Fractional-reserve banking is prone to bank runs, or other systemic crisis, as anyone who has been around since 1913 is well aware. In order to mitigate this risk, the governments of most countries, usually acting through a central bank, regulate and oversee commercial banks, provide deposit insurance and act as a lender of last resort. If the banking system could only find a big enough sucker, one dumb enough to borrow say $14.4 trillion or more indefinitely, its prospects would be unlimited.

How does it work? – As an example, let’s say you work hard and are able to deposit $100,000 into Bank A. What does the bank do with your money? I mean if you wanted to withdraw it all in the following week, would it still be there? The answer is yes, and no. You see once you deposit your money, the bank immediately loans it out to someone else, likely keeping none of it in reserve, or at the most 10%. Let’s assume that Bank A is one of the mega-banks subject to the maximum bank reserve requirement of 10%. What happens is that the bank will hold $10,000 of your money either in its vault, or in a regional federal reserve bank, and will loan the other $90,000 to someone else.

Let’s say that Joe, a borrower, walks in to Bank A and applies for a $90,000 home loan on the day after you make your deposit. Bank A gladly gives Joe the $90,000 loan, at 5% interest over 30 years. When Joe closes on the loan, the $90,000 is paid to Jenn, the seller of the home. Jenn then deposits the $90,000 into her account at Bank B. Bank B keeps $9,000 of her money in reserve while lending out the other $81,000. Now let’s say that Jack comes along and secures an $81,000 business loan from Bank B on the day after Jenn makes her deposit. Now Jack deposits the $81,000 into his account with Bank C, and the cycle continues.
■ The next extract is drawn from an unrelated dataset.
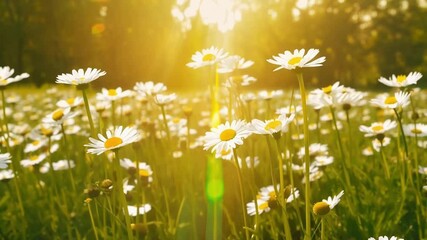 Poster - Field of blooming daisies in the setting sun, creating a dreamy atmosphere with white and yellow flowers. Peaceful nature background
Bank A counts the $100,000 in your account as a liability, because it owes this amount back to you, and at the same time counts the $90,000 loan made to Joe, and the $10,000 held in reserve as assets. In effect Bank A has created a $90,000 loan asset for itself out of thin air. Fractional-reserve banks count loans as assets, and then earn their money through charging interest on this fictitious money. They also make money through repackaging loans as investments and selling them on the open market, potentially creating an even bigger fraud.

Following the money, your bank statement shows a balance of $100,000 at Bank A, Jenn’s bank statement reveals a balance of $90,000 with Bank B, and Jack has a balance of $81,000 on deposit with Bank C. The money supply has amazingly increased by $171,000 (90,000 + 81,000), through very little effort. Amazing, considering that the only real money introduced into the system was your initial $100,000 deposit. Through the system of fractional-reserve banking your original $100,000 has been magically transformed into $271,000 of liquid cash, while at the same time creating $171,000 of debt.
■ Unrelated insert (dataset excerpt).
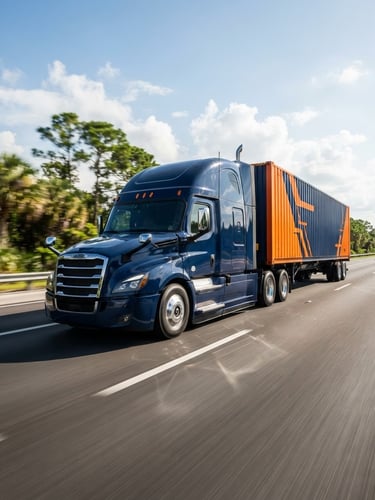 Wide-angle crisp commercial photo of a modern semi-truck moving on a sun-drenched Florida highway, deep navy and orange container tones, dynamic motion blur.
So what happens if you come back the following week to withdraw all of your money? Well first of all, Bank A will likely tell you that you need to give them several days notice before making such a large withdrawal, because in reality, they don’t have your money anymore. Bank A is then forced to do one of three things: borrow the money overnight from the Federal Reserve, or another member bank; sell some of its loans on the secondary market; or wait until another customer makes a $100,000 deposit – using $90,000 of that plus the $10,000 it held in reserve for you. If this sounds like a Ponzi scheme, it just might be.

Creating Wealth through Debt - The table below displays how loans are funded and how the money supply is affected. It shows how a commercial bank creates money from an initial deposit of $100,000. In the example, the initial deposit is lent out 10 times with a fractional-reserve rate of 10% to ultimately create $686,189 of commercial bank money. Each successive bank involved in this process creates new commercial bank money (out of thin air) on a diminishing portion of the original deposit. This is because banks only lend out a portion of the initial money deposited, in order to fulfill reserve requirements and to allegedly ensure that they have enough reserves on hand to meet normal transaction demands.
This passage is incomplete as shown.